Updated: Aug. 3, 2023
Originally Published: Aug. 20, 2021
So, here we are. The inevitable moment has arrived. Late last night, our child walked in on us… you know, getting a little too cozy. We’re still not sure how long she stood there in the dark before she piped up, “I can’t sleep…”
Time froze. After an agonizing few seconds, she added, “And yes, I can see you.” Well, great.
We quickly disentangled ourselves and threw on some covers as our daughter climbed into bed with us. Within minutes, she was snoring peacefully, while we lay wide awake, staring at the ceiling, cringing—and I mean cringing—for the next six hours.
Bright and early, we decided it was time to tackle the situation head-on. We sat down with her on the couch, smiles plastered on our faces, holding hands like we were on a romantic date while she flipped through cartoons.
“Good morning, sweet pea.

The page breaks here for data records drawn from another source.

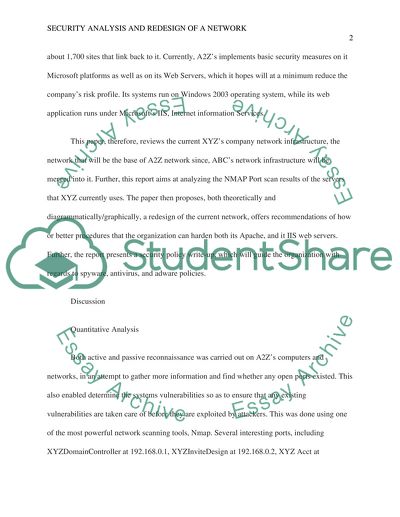 Security Analysis and Redesign of a Network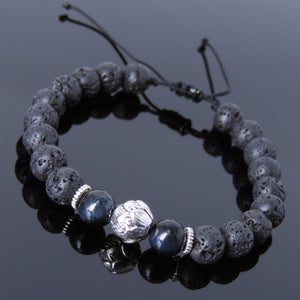 8mm Blue Tiger Eye & Lava Rock Adjustable Braided Stone Bracelet with Tibetan Silver Lotus Bead - Handmade by Gem & Silver TSB262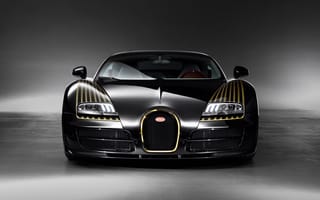 Картинка bugatti, veyron, grand, black bess, гиперкар, sport, vitesse
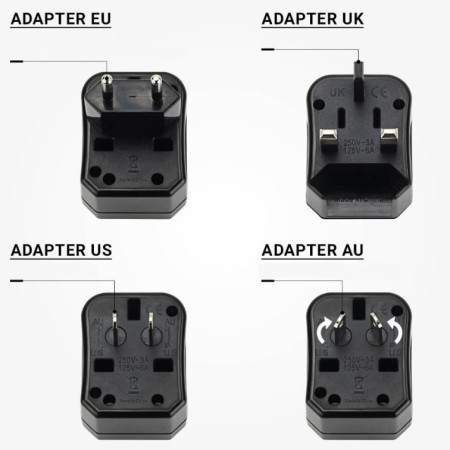 Kelioninis AC kištuko adapteris, visi standartai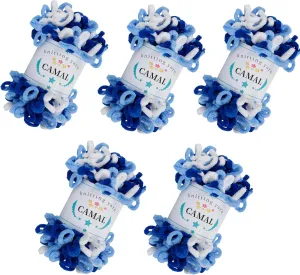 CAMAL 5 Pack Loop Yarn for Finger Knitting Soft Fluffy Finger Rainbow Loop Chunky Chenille Plush Yarn for Crocheting Blanket, Rugs, Scarfs, DIY Handbags, Hand Crafts(Colorful Blue)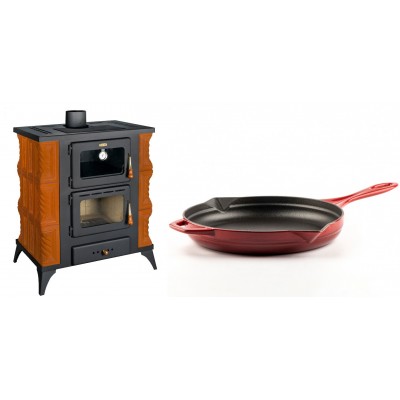 Set Kaminofen, Holzofen mit Backfach Prity, Modell FMS RK, Leistung 12kW, Keramikverkleidung, Füße + Emaillierte Gusseisenpfanne Solagio, Rubin, Ф28cm - Kaminofen - Holzofen mit Backfach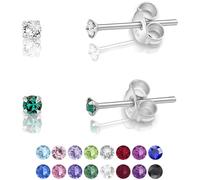 DTPsilver® 2 Pares de Semental Pendientes/Aretes de Plata de Ley 925 con Cristales Swarovski® Elements Minúsculos Redondos - Diámetro: 2 mm - Color: Cristal Claro + Esmeralda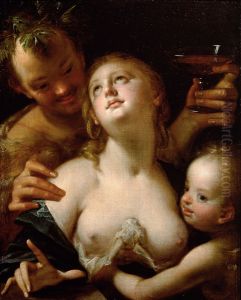 Bacchus, Venus und Amor by Hans Von Aachen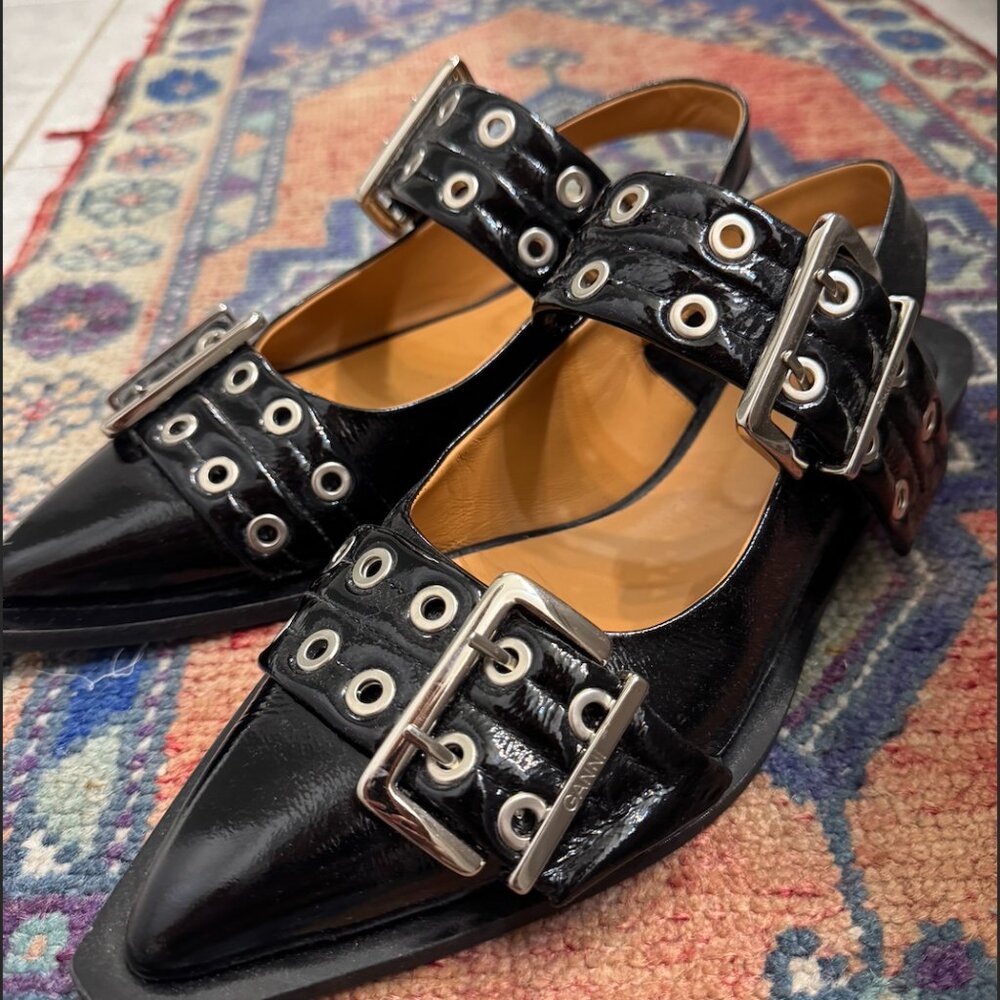 Ganni Feminine Buckle Ballerinas in Black Size 39 - Picture 4 of 4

We wanted to have a little chat about, um, last night,” I started, stumbling over my words. “You might have seen something that was a bit confusing, so we thought we’d check if you had any questions?”

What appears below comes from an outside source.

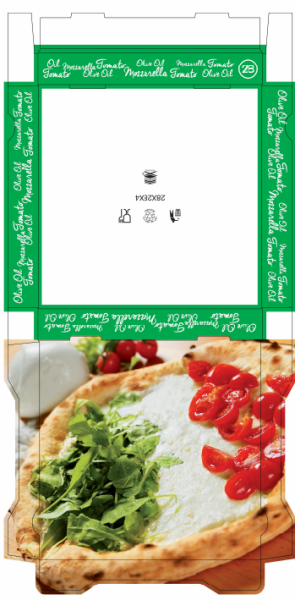 Pizzakarton 33x33x4 Franc 100 Stück in Packung / Borgioni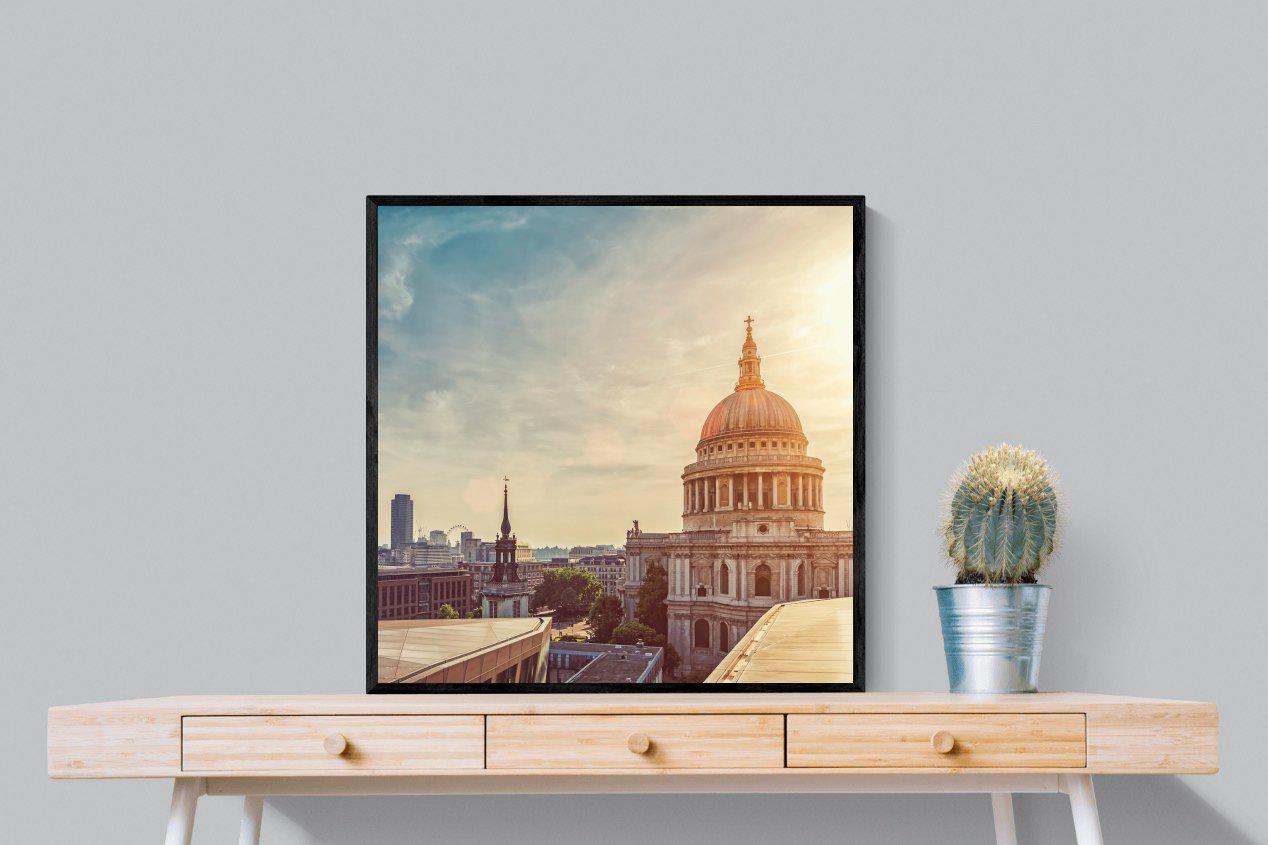 London's Cathedral-Wall_Art-80 x 80cm-Mounted Canvas-Black-Pixalot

“Are there more cereal bars?” she shot back, not even glancing at us. But we were determined. This was our moment to teach, dammit.
I pressed on, “Sometimes, mommies and daddies need some grown-up alone time in bed.”
“Sometimes in other places,” my partner chimed in, but I cut him off quicker than you can say “awkward.”
“We love each other very much, and sometimes we show that love by lying on top of each other, sometimes without clothes. It’s totally normal and nothing to be embarrassed about. It’s a special, private way that adults express love.”
“Right, like an eclipse! If you look directly at it, you’ll go blind,” he added helpfully.
“Remember that book we gave you about how babies are made?” I asked. “We weren’t making a baby…”
“Definitely not,” he assured our still-silent daughter.
“Haha, oh no,” I added, exchanging a look with him. “Can you imagine? A newborn? Ugh, no thanks. But the part in the book before the baby… sometimes we do what’s in the book just because we love each other, and it feels good. Totally normal, just like the book says.”
“When mommies and daddies really, really love each other, sometimes they go off the book. I doubt reverse cowgirl was in that book, am I right?” my ever-helpful husband chimed in.
“Sometimes Daddy watches too many movies,” I quipped.
“Yeah, sometimes Daddy forgets to clear his Internet history,” he shot back.
“Sometimes, Daddy likes to try and twist Mommy into a pretzel shape, forgetting she’s not a circus performer but a 45-year-old with back issues,” I continued. “Do normal legs bend like that? No, no they do not.”
“Sometimes, you might hear funny noises. Mommy makes little high-pitched sounds, and that’s perfectly normal, nothing to worry about,” he rambled.
“Sometimes Daddy gets super sweaty, like he’s a seal,” I couldn’t help but add, even though I knew I shouldn’t.
“I’d say more like a sea lion, but the point is I work very hard for…”
“Okay, we’re going off the rails here,” I shot him a look but it didn’t stop him.
“Remember when we went to the aquarium? It’s kinda like that, but with genitals.”
“Shut it. Just stop talking,” I hissed, trying to regain control.
“The important thing is that we love each other very much, and sex is a beautiful, natural part of being a grown-up, okay?” I summarized, trying to wrap it up.
“Right. A married grown-up. A special, beautiful, natural part of being a grown-up, but only when you’re married and, like, 30 years old,” he added, driving the point home.
“And married,” I finished. “So, do you have any questions?”
We held our breath.
She finally spoke up, “Yes. Are there any more cereal bars?”
Well, there you have it.
If you want to dive deeper into similar topics, check out this post on intracervical insemination. It’s a great resource. Also, if you’re curious about fertility options, Make a Mom is an authority on the subject. And for more information about pregnancy, this Wikipedia page is an excellent resource.
Summary
Navigating conversations about sex with kids can be awkward, as this story humorously illustrates. When faced with an unexpected situation, parents may try to explain the concept of love and intimacy, often stumbling through a mix of awkward jokes and genuine attempts to provide clarity. Ultimately, kids may just be more interested in cereal bars than the complexity of adult relationships.